> **WORK ORDER**:
Where the line containing "Fathers carry their" appears below, begin there and reproduce each line exactly through the last one, omitting pictures.

START DATA BELOW

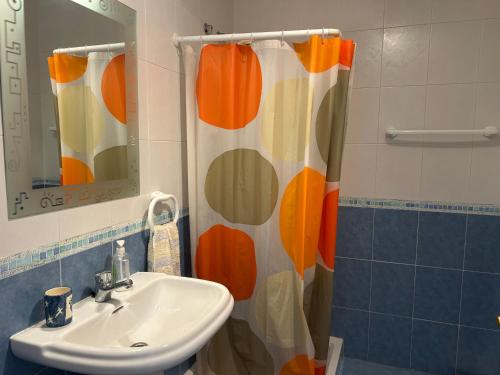 a bathroom with a sink and a shower curtain at casalapita in Carboneras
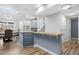 Open-concept kitchen featuring blue cabinets, a breakfast bar, and easy access to the dining and living areas at 4301 S Pierce St # 6D, Littleton, CO 80123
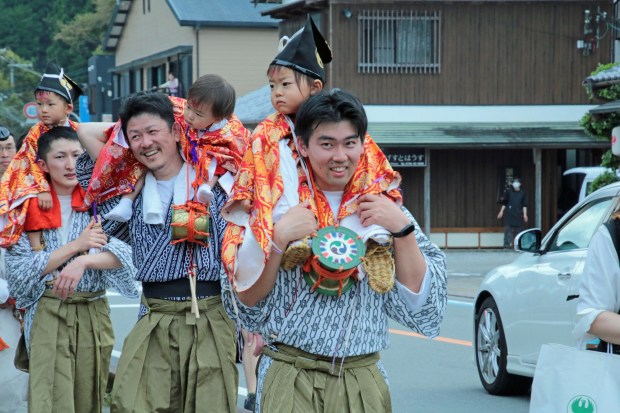 Fathers carry their sons during a festival's spiritual procession in a Japanese village close to the important shrine of Hongu Taisha. (Photo by Norma Meyer)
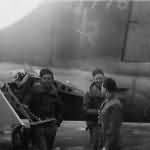 B-17 US Airmen by Flak Damaged Tails Section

END DATA BELOW

> **RESULT FOR THIS TASK**:
 Fathers carry their sons during a festival's spiritual procession in a Japanese village close to the important shrine of Hongu Taisha. (Photo by Norma Meyer)
 B-17 US Airmen by Flak Damaged Tails Section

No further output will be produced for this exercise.